美少女になったら人生イージーモードだと思ったけど案外そうでもありませんでした。

ファーストなサイコロ

Δ21

「行くわよ! 約束の地へ!!」


 そんな私の言葉で震えるような声がドックに響き渡る。皆やる気は十分だね。私達はさっそく最新鋭艦『アトランティス』へと乗り込む。振動と共に山が開かれる。そして機体に光がともり、僅かに地面から浮いた。


「マナ循環率100%、全ての術式の正常稼働を確認しました」


 私は操舵室の中でも一番いい椅子に座ってる。艦長は別にいる。けど、その人が座る椅子よりもいいのがあるのだ。艦長のなかなかに壮健なオジサンがこちらに視線をよこす。なので私は頷いておくよ。それを受けた艦長は立ち上がり、その声を響かせる。


「アトランティス、発進!!」


 その瞬間、わずかに体に圧がかかる。けど、それもほんの僅かな物だ。これも術式のおかげだ。この船、アトランティスには数々の新装備と技術が投入されてる。船での快適性もその一つ。どれだけ速く、そしてアクロバットに動いても、中の物がばらばらになったり、私達の三半規管が滅茶苦茶になったりはしない。そういう術式が組み込まれてるからだ。だからこのアトランティスでは地上に居る時と変わらないように動ける。一気にドックを抜けて大空へと舞い上がるアトランティス。

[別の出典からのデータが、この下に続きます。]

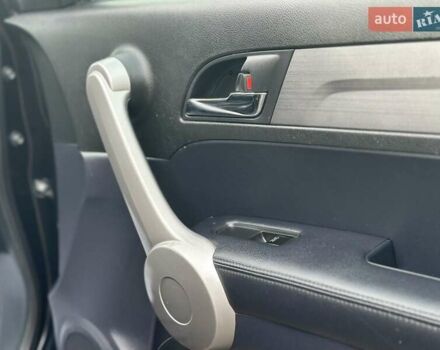 Черный Хонда СРВ, объемом двигателя 2 л и пробегом 185 тыс. км за 10750 $, фото 24 на Automoto.ua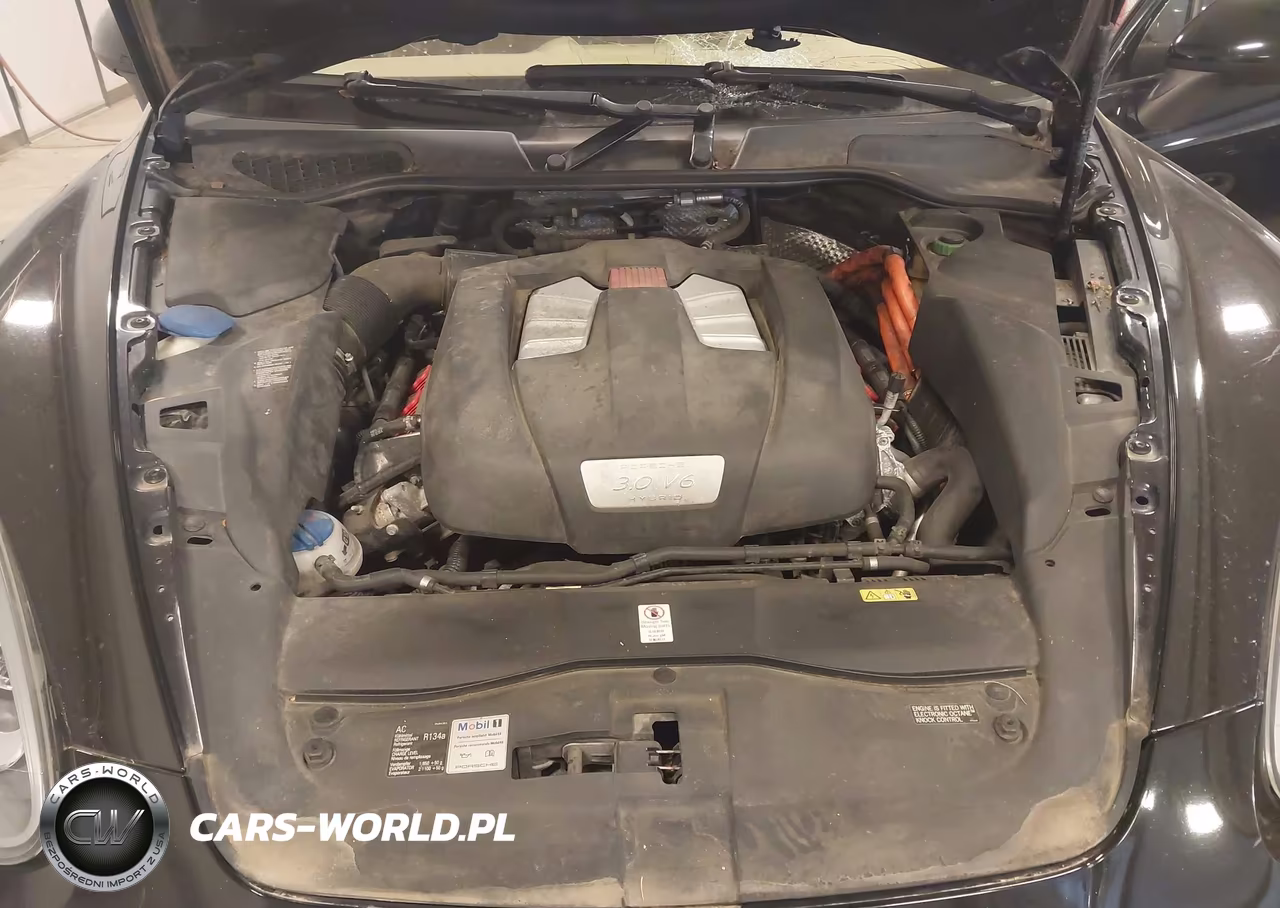 2012 Porsche Cayenne Hybrid S VIN:WP1AE2A26CLA90905 - 10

 そのスピードはこれまでの船とは一線を画すものだ。けど、そのスピードに、おびえる者なんていない。飛行が安定するまでもなく、こうやってお茶だって飲める。


「それではラーゼ様、光が示す先を目指します」
「うん、それでいいよ」


 アトランティスの操舵室の中央には台座があって、そこにはだごちゃんのコアが宙に浮いて鎮座してる。そしてそのだごちゃんのコアから一筋の光が出てる。これが示す先が約束の地だ。私とメルでこの機能を引き出したよ。どうやらあそこの機械達には帰還機能があるみたい。だからそれを利用してるのだ。なんとか記憶の補完をしたメルと共に、だごちゃんのコアから受け取ってた術式を解析してね。これで迷わず約束の地へと辿りつける筈だ。


 数時間も経つと、技術者たちのアトランティスの初飛行の興奮も収まって大分静かになった。私はとりあえずずっと操舵室にいるのもなんだから自室に戻ってきてた。今、アトランティスは雲の上を飛んでる。下は雲海。この世界でこんな光景を見られる存在がどれだけいるだろうか? 人種では普通にしてたんじゃ絶対に無理な光景だね。そう思って眺めてると、何やら扉の向こうで話し声が聞こえる。これは……キララと亜子かな? 何やら、言い合ってるような? 


 前はそんな仲悪くなかったでしょうに、最近ちょっと険悪なんだよね。二人とも独自に動いてるから、何回かぶつかった事があるような報告を蛇から聞いた事がある。そのせいかも。けど、そんな喧嘩は他所でやってほしい。まあでも、考えようだよね。私はとりあえずかき混ぜてどんな事になるかワクワクしながら、扉を開けて二人を出迎えてあげるよ。